#### [INPUT DATA]
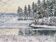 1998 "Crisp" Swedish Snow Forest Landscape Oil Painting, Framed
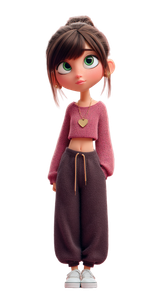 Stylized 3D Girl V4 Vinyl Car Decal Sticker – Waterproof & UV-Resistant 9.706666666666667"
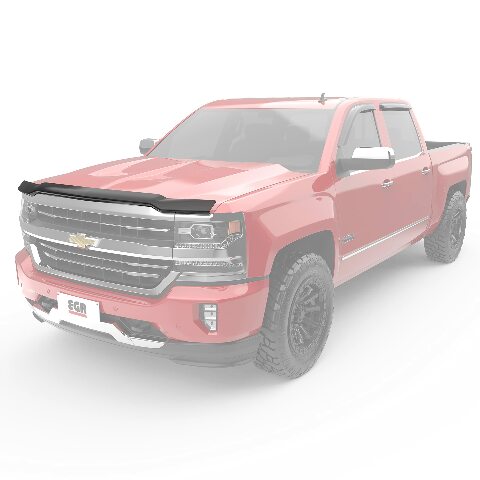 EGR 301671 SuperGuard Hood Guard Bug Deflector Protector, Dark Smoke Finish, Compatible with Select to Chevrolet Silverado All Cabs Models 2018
* * *
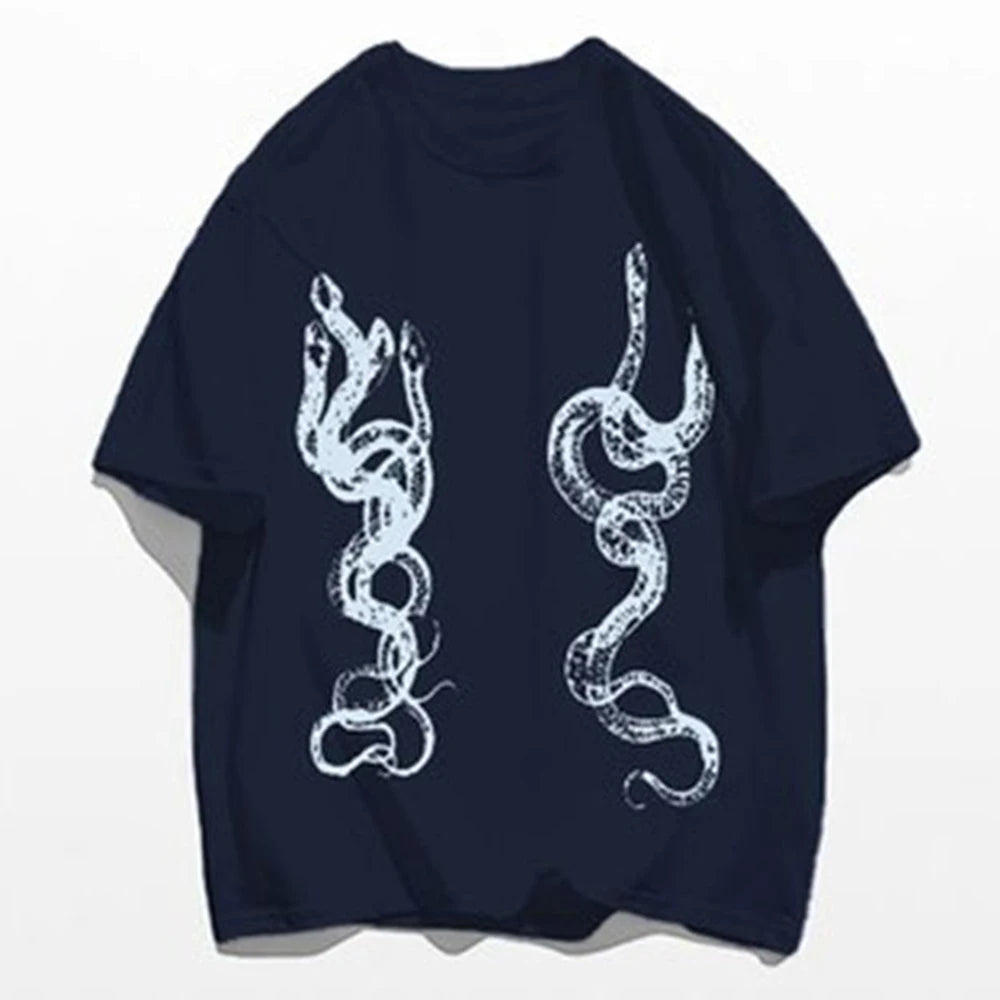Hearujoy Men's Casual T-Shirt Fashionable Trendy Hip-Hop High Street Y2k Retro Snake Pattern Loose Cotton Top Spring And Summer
==
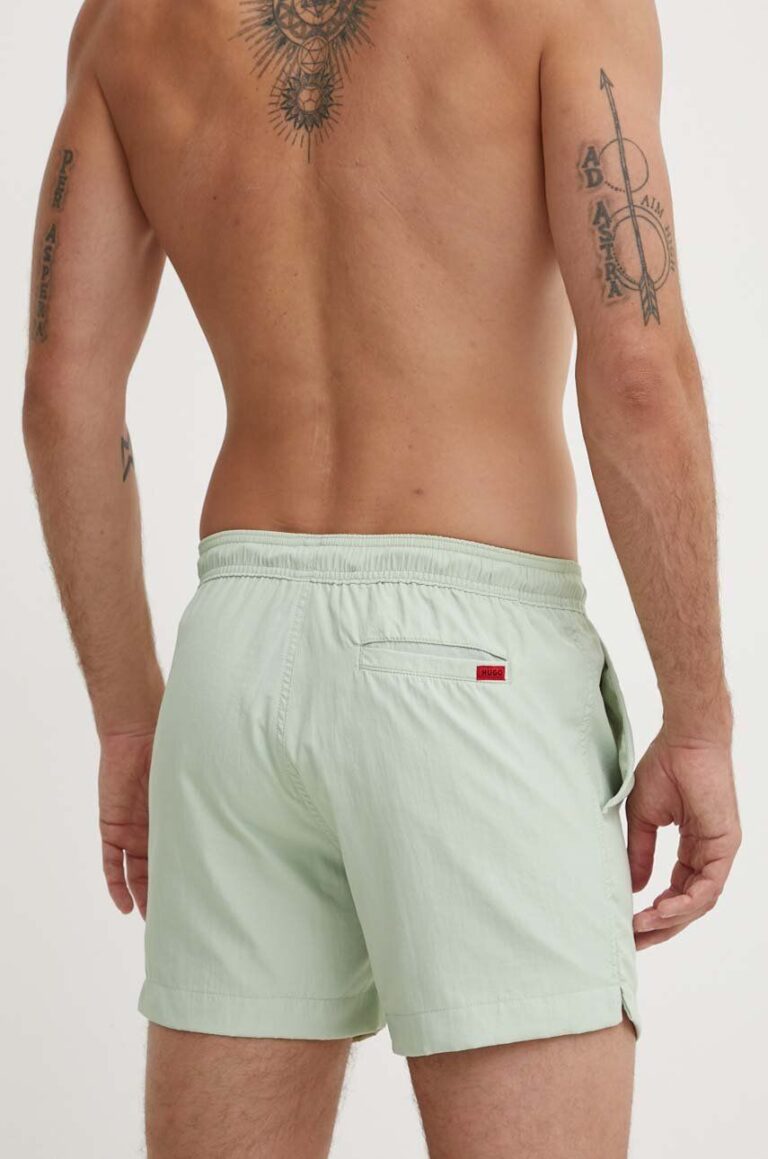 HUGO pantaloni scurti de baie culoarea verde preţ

#### [WORK TO COMPLETE]
Give back the exact lines above, running from the one that has "Oil Painting, Framed" through the one that has "Stylized 3D Girl", with nothing added and no pictures.

#### [SOLUTION TO THIS EXERCISE]
 1998 "Crisp" Swedish Snow Forest Landscape Oil Painting, Framed
 Stylized 3D Girl V4 Vinyl Car Decal Sticker – Waterproof & UV-Resistant 9.706666666666667"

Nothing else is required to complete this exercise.